A desktop environment's sole role is to connect users to their applications. This includes everything from launching apps to actually displaying apps but also managing them and making sure they run fairly. Everyone is familiar the concept of a "Task manager" (like ksysguard), but over time they haven't kept up with the way applications are being developed or the latest developments from Linux.
Managing running processes
There used to be a time where one PID == one "application". The kwrite process represents Kwrite, the firefox process represents Firefox, easy. but this has changed. To pick an extreme example:
Discord in a flatpak is 13 processes!
It basically renders our task manager's process view unusable. All the names are random gibberish, trying to kill the application or setting nice levels becomes a guessing game.
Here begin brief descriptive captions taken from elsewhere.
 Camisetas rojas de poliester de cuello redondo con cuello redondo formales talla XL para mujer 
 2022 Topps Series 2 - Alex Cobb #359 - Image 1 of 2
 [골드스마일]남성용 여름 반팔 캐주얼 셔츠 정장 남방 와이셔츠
Parent trees can help, but they only get you so far.
It's unusable for me, it's probably unusable for any user and gets in the way of feeling in control of your computer.
We need some metadata.
Fair resource distribution
As mentioned above discord in a flatpak is 13 processes. Krita is one process.
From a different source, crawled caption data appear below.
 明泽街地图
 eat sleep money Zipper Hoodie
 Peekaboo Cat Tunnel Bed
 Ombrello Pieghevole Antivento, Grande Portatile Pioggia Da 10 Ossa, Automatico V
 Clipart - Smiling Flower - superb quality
- One will be straining the CPU because it is a highly sophisticated application doing highly complicated graphic operations
- One will be straining the CPU because it's written in electron
To a kernel scheduler all it would see are 14 opaque processes. It has no knowledge that they are grouped as two different things. It won't be able to come up with something that's fair.
We need some metadata.
(caveat: Obviously most proceses are idling, and I've ignored threads for the purposes of making a point, don't write about it)
It's hard to map things
Currently the only metadata of the "application" is on a window. To show a user friendly name and icon in ksysguard (or any other system monitor) we have to fetch a list of all processes, fetch a list of all windows and perform a mashup. Coming up with arbitrary heuristics for handling parent PIDs which is unstable and messy.
To give some different real world examples:
- In plasma's task manager we show an audio indicator next to the relevant window, we do this by matching PIDs of what's playing audio to the PID of a window. Easy for the simple case... however as soon as we go multi-process we have to track the parent PID, and each "fix" just alternates between one bug and another.
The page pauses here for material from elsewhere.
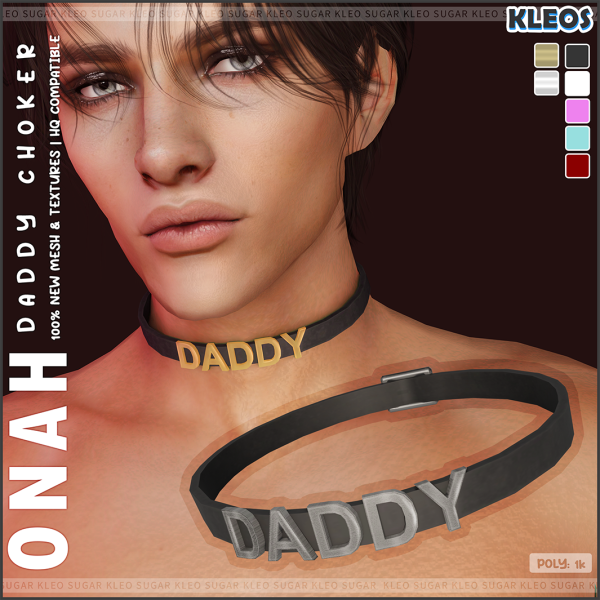 Alpha Onah Daddy Choker by smsims - The Sims 4 Custom Content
- With PID namespaces apps can't correctly report client PIDs anymore.
- We lose information on what "app" we've spawned. We have bug reports where people have two different taskmanager entries for "Firefox" and "Firefox (nightly)" however once the process is spawned that information is lost - the application reports itself as one consistent name and our taskbar gets confused.
We need some metadata.
This is a solved problem!
A modern sysadmin doesn't deal in processes, but cgroups. The cgroup manager (which will be typically systemd) spawns each service as one cgroup. It uses cgroups to know what's running, the kernel can see what things belong together.
On the desktop flatpaks will spawn themselves in cgroups so that they can use the relevant namespace features.
You're probably already using cgroups. As part of a cross-desktop effort we want to bring cgroups to the entire desktop.
Ultimately the same data but way easier to read..
Another key part of cgroup usage is the concept of slices. Cgroups are based on a heirachical structure, with slices as logical places to split resource usage. We don't adjust resources globally, we adjust resources within our slice, which then provides information to the scheduler.
Conceptually you can imagine that we just adjust resources within our level of a tree. Then the kernel magically takes care of the rest.
More information can be found on slices in this excellent series World domination with cgroups.
This means we can set up some predefined slices. Within the relevant user slice this will consist shared of
- the system (kwin/mutter, plasmashell)
- background services (baloo, tracker)
Each of these slices can be given some default prioritisations and OOM settings out of the box.
Dynamic resource shifting
Now that we are using slices, and only adjusting our relative weight within the slice, we can shift resource priority to the application owning the focused window.
This only has any effect if your system is running at full steam from mulitple sources at once, but it can provide a slicker response at no drawback.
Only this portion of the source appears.